If you wandered into my office, you’d probably be shocked by the vast amount of just raw paper I have lying around. I scribble notes, I use photocopy machines, I print stuff all the time. And I have lots of books and magazine articles I’ve clipped over the years.
I’d like to do some optical character recognition and digitize these papers, but I frankly am too cheap to buy OCR software, and besides, most of it runs on that Microsoft Operating System that Shall Not Be Named, and I have foresworn that I shall not give Microsoft any more money. I’ve tried a couple of really awful open source solutions like gocr, but it’s frankly terrible. On the Google Blog, I recently read that Google had used the tesseract engine and had created a suite of applications called ocropus that could be used for the purpose.

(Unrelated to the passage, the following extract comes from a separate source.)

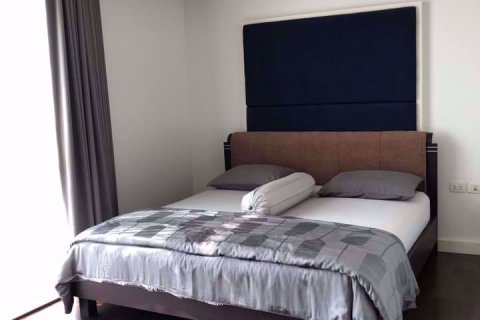 Condominio de 3 dormitorios en Khlong Toei, Bangkok, Tailandia № 76032 - foto 4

I did a quick test. I scanned a page from an old Sky and Telescope article: it describes a lensless Wright Camera. It contains inset boxes and graphics, and I had found it a fairly challenging thing to extract almost anything out of. To run ocropus, i simply typed the command “ocropus ocr testocropus.png > testocropus.html” and got this result. It isn’t perfect, but it’s not that bad, and probably represents a pretty significant reduction in labor (at least, given the speed at which I can type) in terms of getting a reasonably accurate representation of the fairly difficult text.
If you have some ocr tasks, you might think about giving it a shot. I will be doing some more experiments, and will keep you all posted.
Addendum: A second test with a second scan of a less challenging paper, done at the recommended 300 dpi and the resulting output.